Shore Capital expects Cranswick (LON: CWK) to deliver another period of “robust progress” when it reports interim results on 25 November, forecasting strong sales momentum and well-underpinned full-year guidance.
The broker projects Cranswick (a House Stock: Shore Capital acts in an advisory capacity to the company) to post adjusted pre-tax profit of £103.4 million for the six months to 27 September, up about 8 percent year on year, and earnings per share of 140.3p, a 4 percent increase.
Group sales are forecast to rise 9.5 percent, supported by a 2 percent contribution from the acquisition of Blakeman, a food service sausage manufacturer.
Like-for-like growth is seen at around 7.7 percent, driven by higher volumes across all divisions, particularly in poultry, where new business wins are boosting performance.
Shore Capital expects operating profit (EBIT) of £110.4 million, representing 11 percent year-on-year growth, with margins steady at 7.6 percent.
The firm said Cranswick remains “a high-quality business, very well invested, with a diverse array of growth avenues in pork, poultry, farming, Mediterranean foods and pet.”

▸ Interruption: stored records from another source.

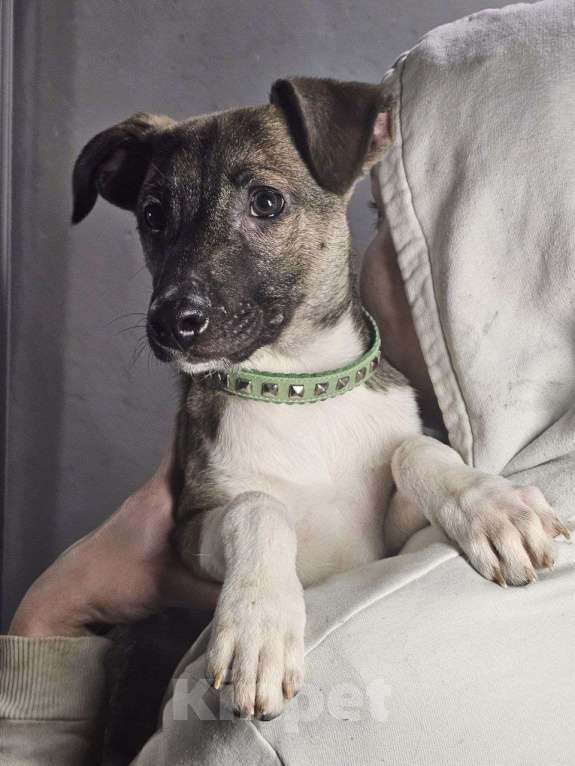 Собаки в Санкт-Петербурге: Лёлик и Болик. Очень ждут своего человека Мальчик, Бесплатно - фото 4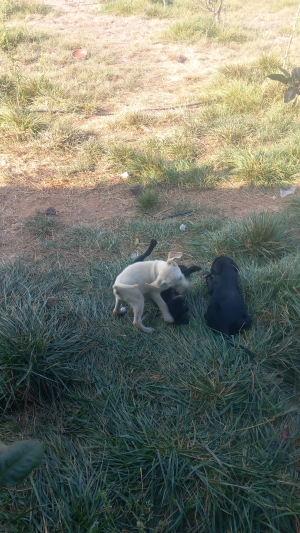 Vente de chiots labrador pure race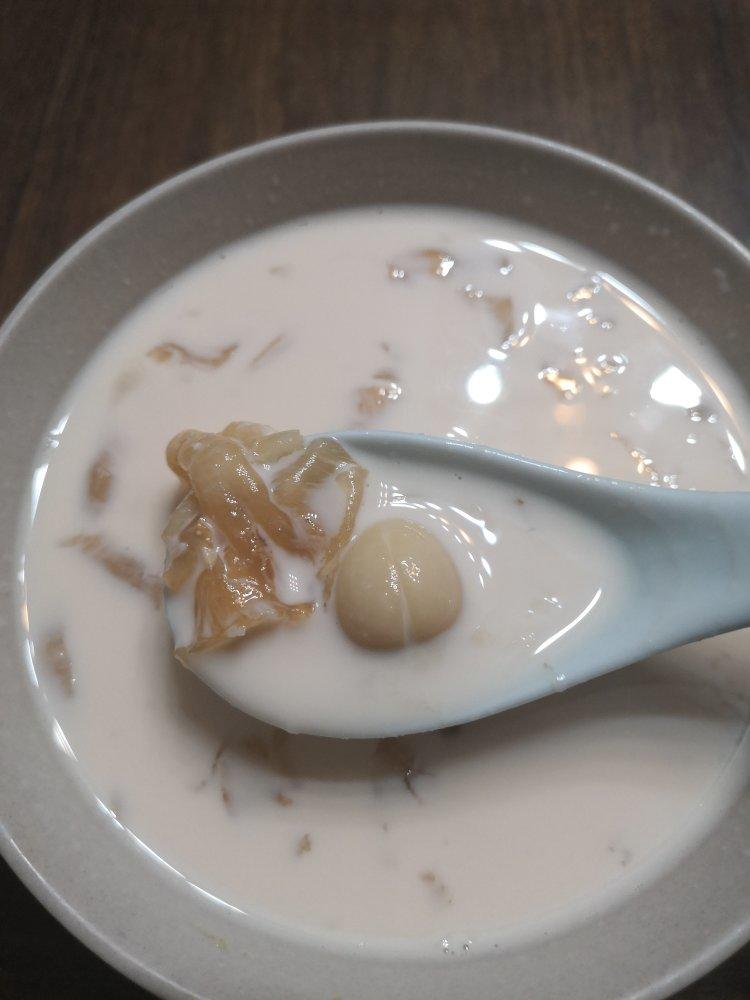 牛奶炖花胶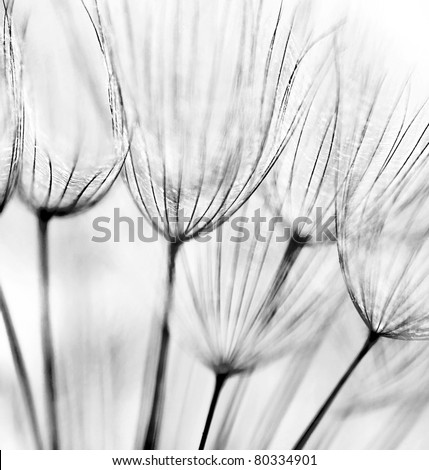 Similar – Image, Stock Photo Close up of dandelion fluff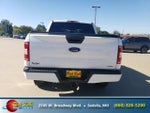 2019 F-150 Thumbnail 6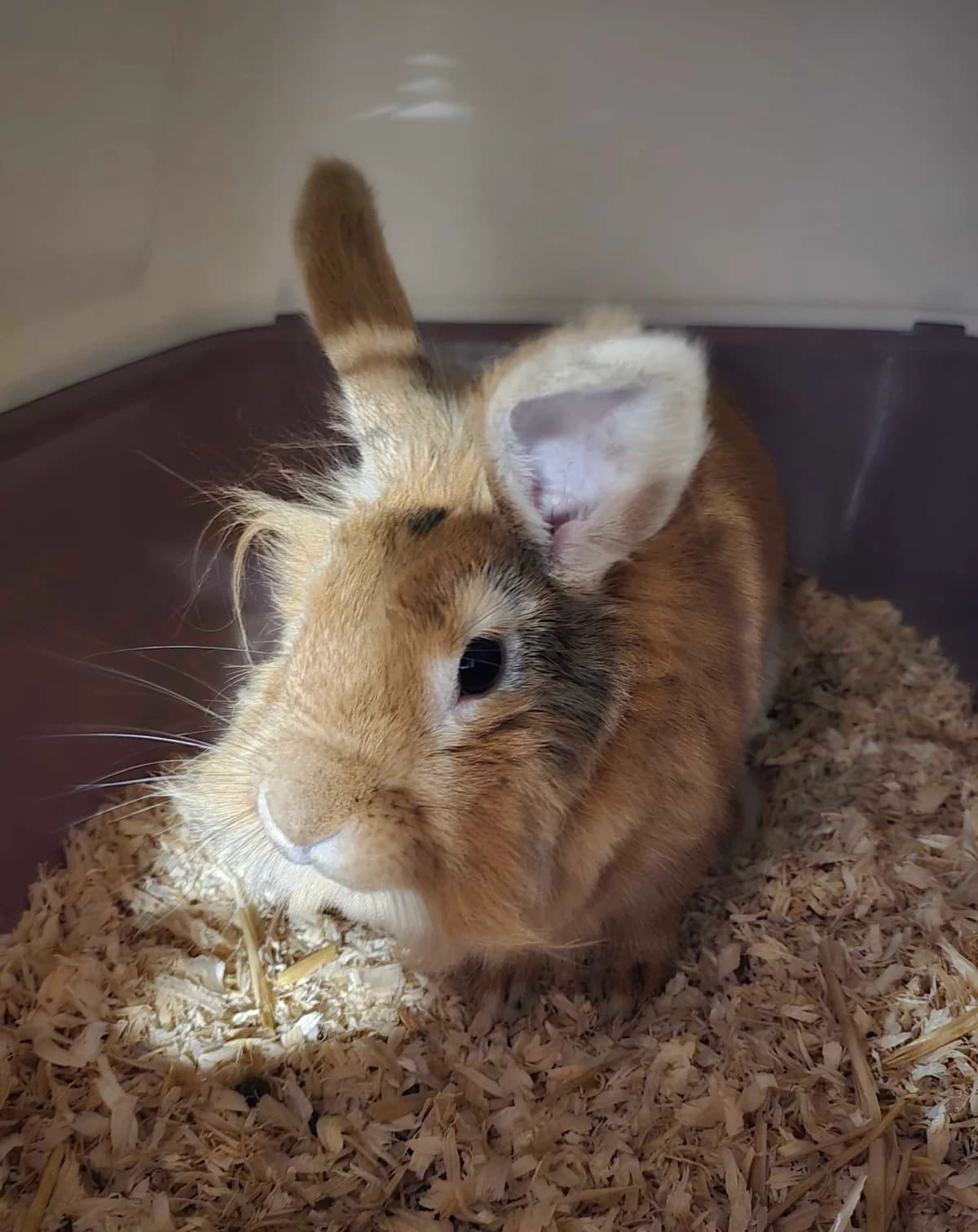 Diva, female 5yo Mixed Breed for adoption at Konijnenopvang Hazel, Netherlands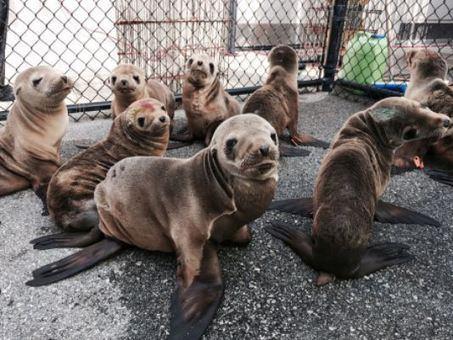 Starving Sea Lion Pups and Liquified Starfish — How We’ve Turned the Eastern Pacific into A Death Trap for Marine Species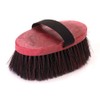 Horse Pony wather brush colorful with long bristles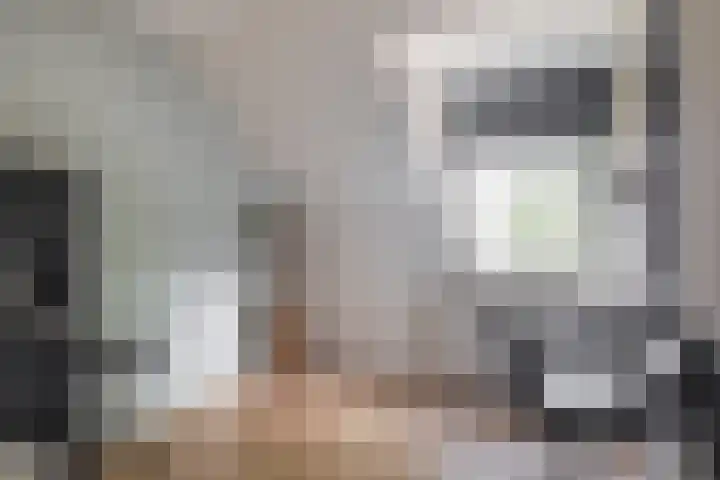 Albert Schweitzerlaan 10 Schoonhoven thumbnail 24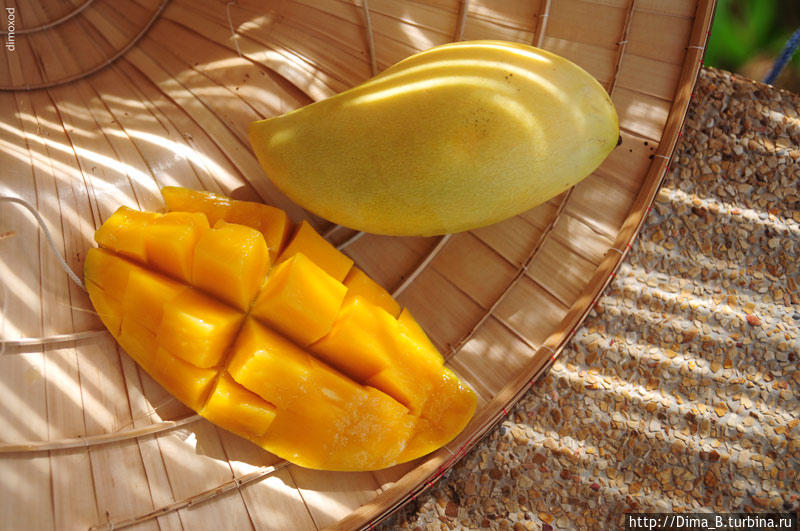 Манго  Даже если вы пробовали манго, сделайте это в Тайланде.  Сладкая нежная сочная мякоть, к косточке немного волокнистая. Слегка еловый вкус, едят без кожуры. Традиционное тайское блюдо, манго + рис сваренный в сладком кокосовом молоке.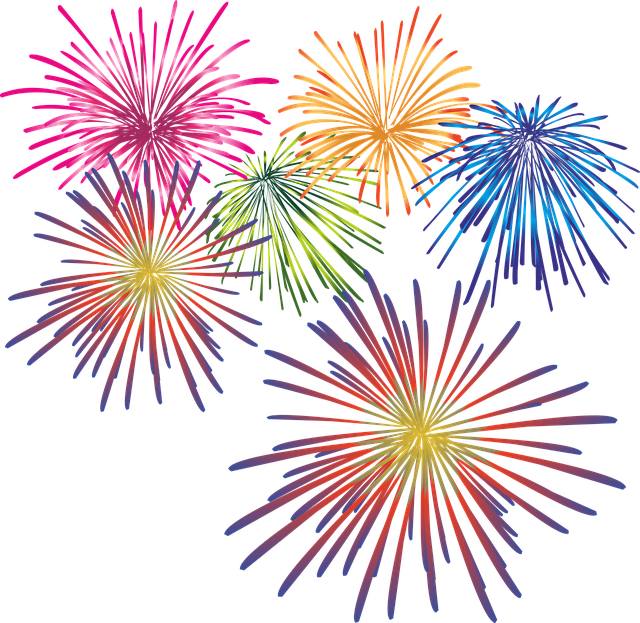 fireworks vector image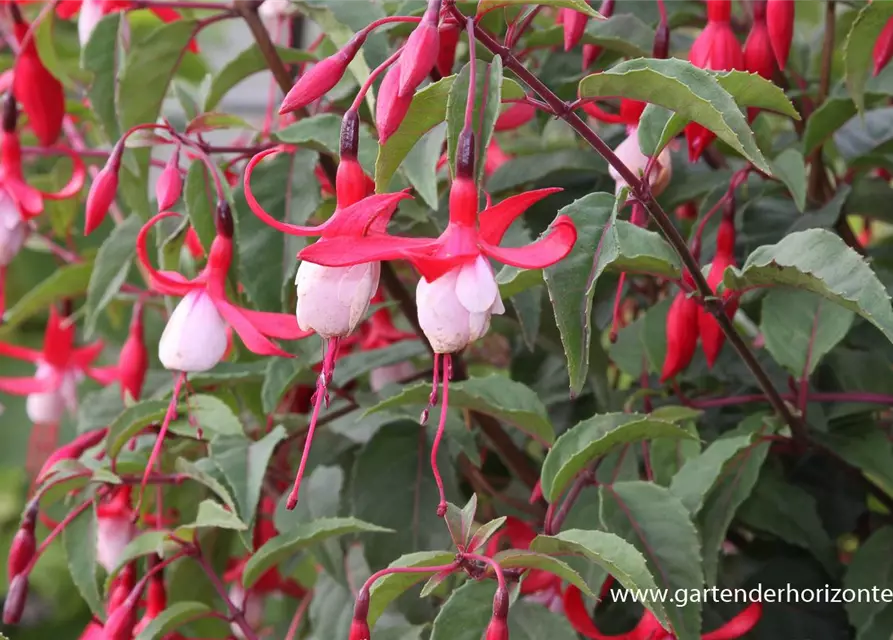 Patagonische Fuchsie 'Madame Cornelissen'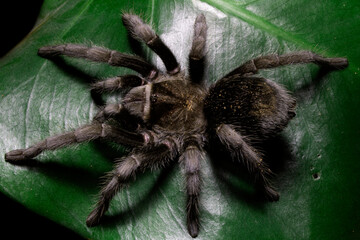 Brazilian Black Tarantula 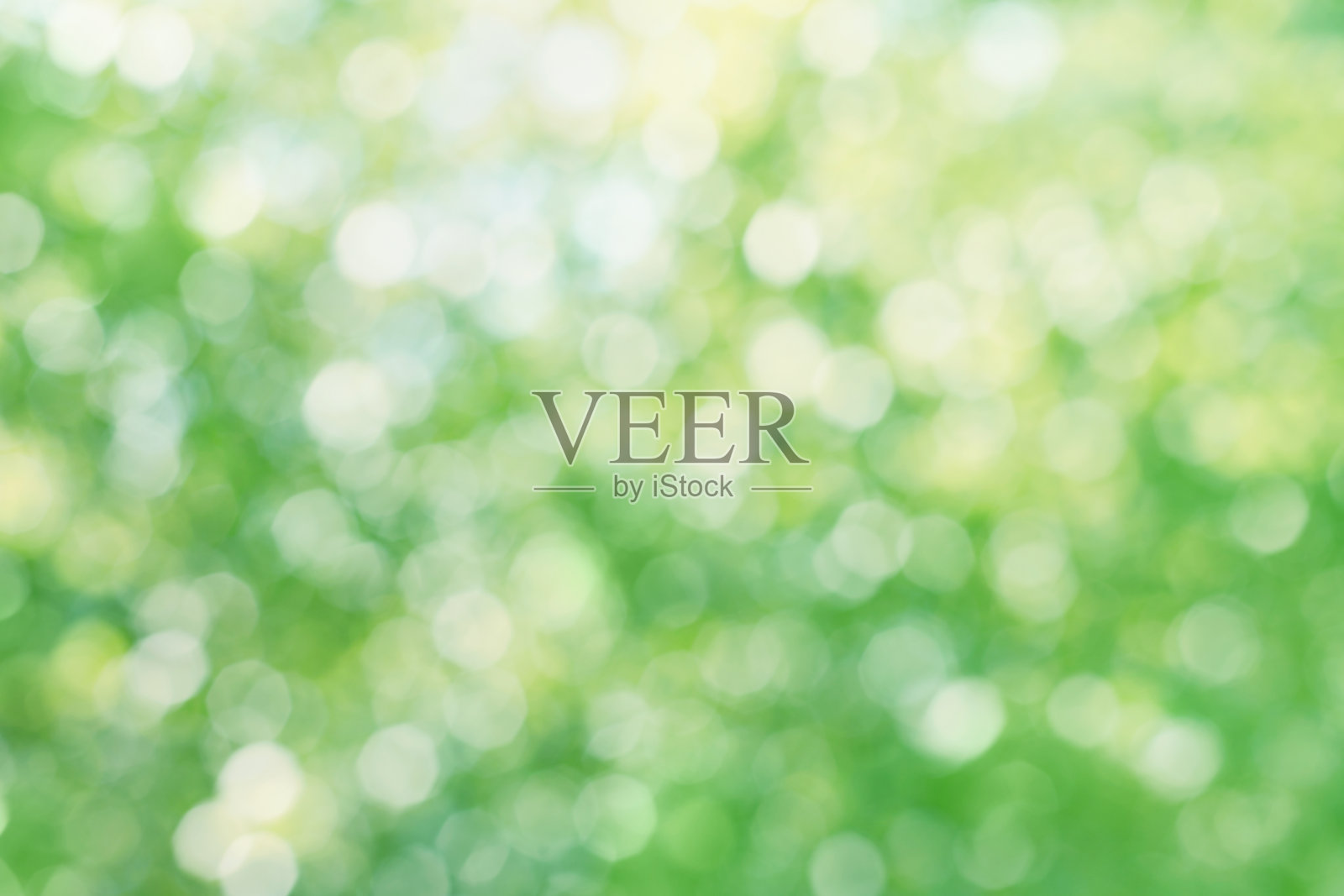 抽象树叶枝叶树自然模糊背景，散景纹理照片摄影图片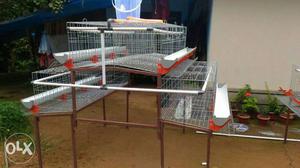 High-tech chicken cage for and6 no's layer,Rs
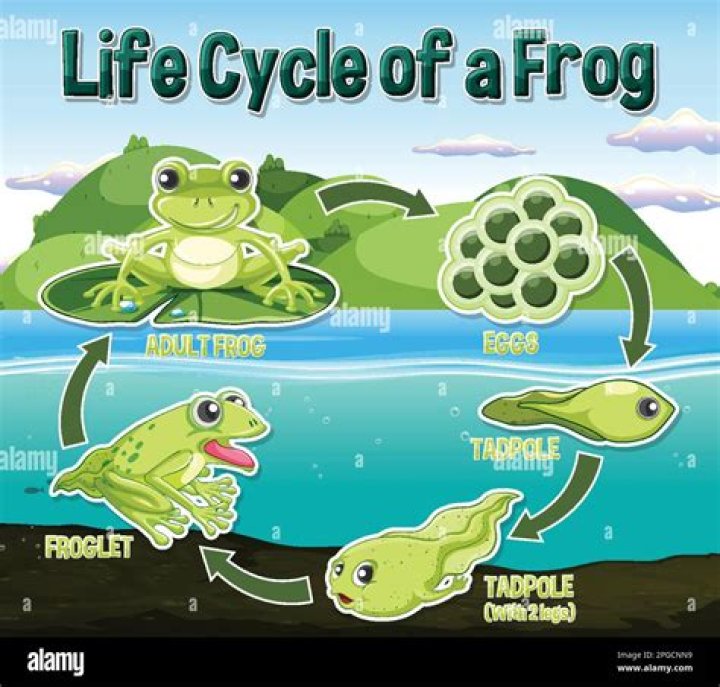 Do i have a frog or a toad?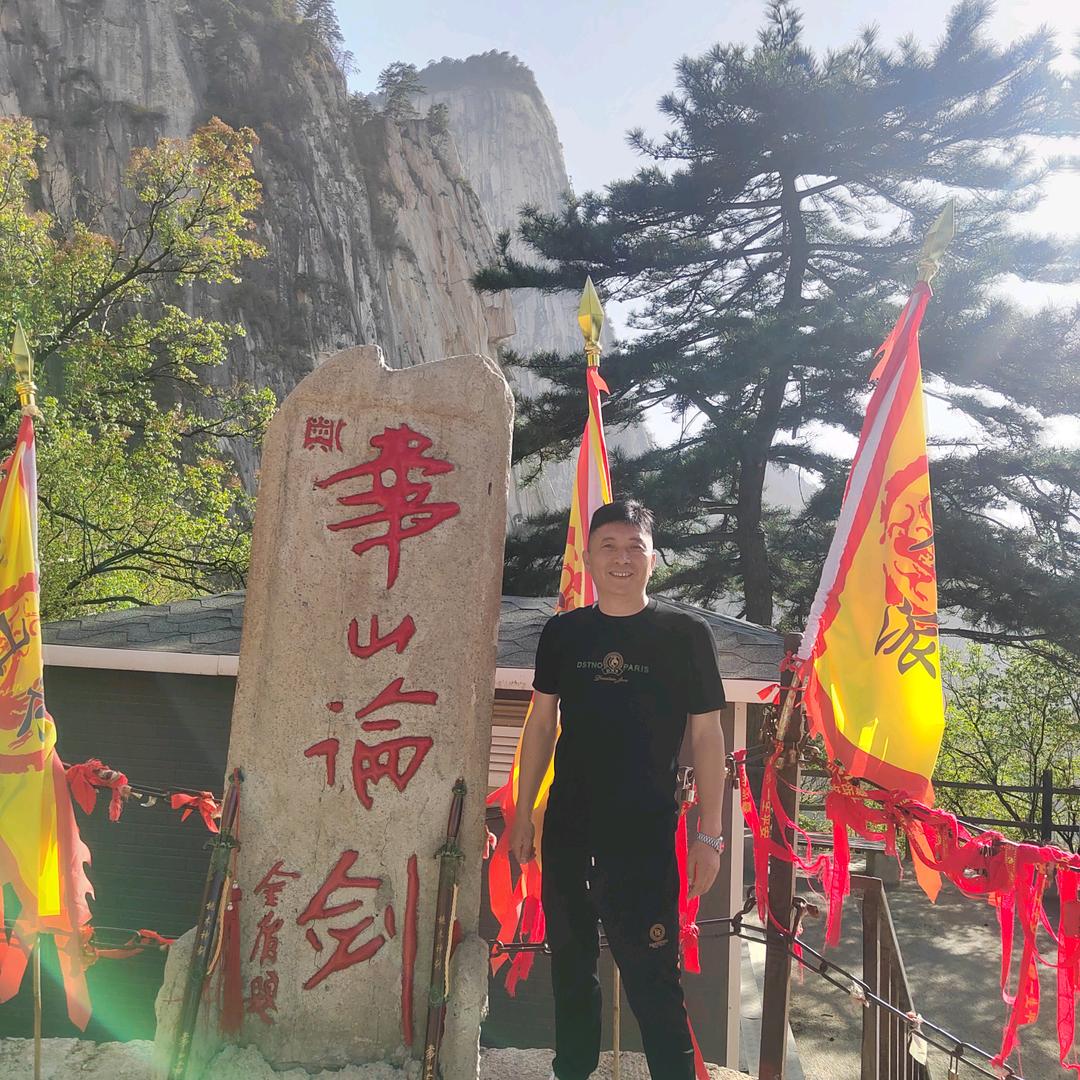 自由翱翔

While consumer sentiment in the U.K. remains cautious, analysts Darren Shirley and Clive Black said the company’s strong execution, industry-leading operations and balance sheet underpin its outlook.
“We look for confirmation of a six-month delivery that leaves our FY26 forecasts well underpinned,” they wrote.
Shore Capital highlighted that Cranswick trades on a 2026 forward price-earnings ratio of 17.2x and an EV/EBITDA multiple of 8.9x, reflecting its standing as a core holding in the U.K. consumer sector.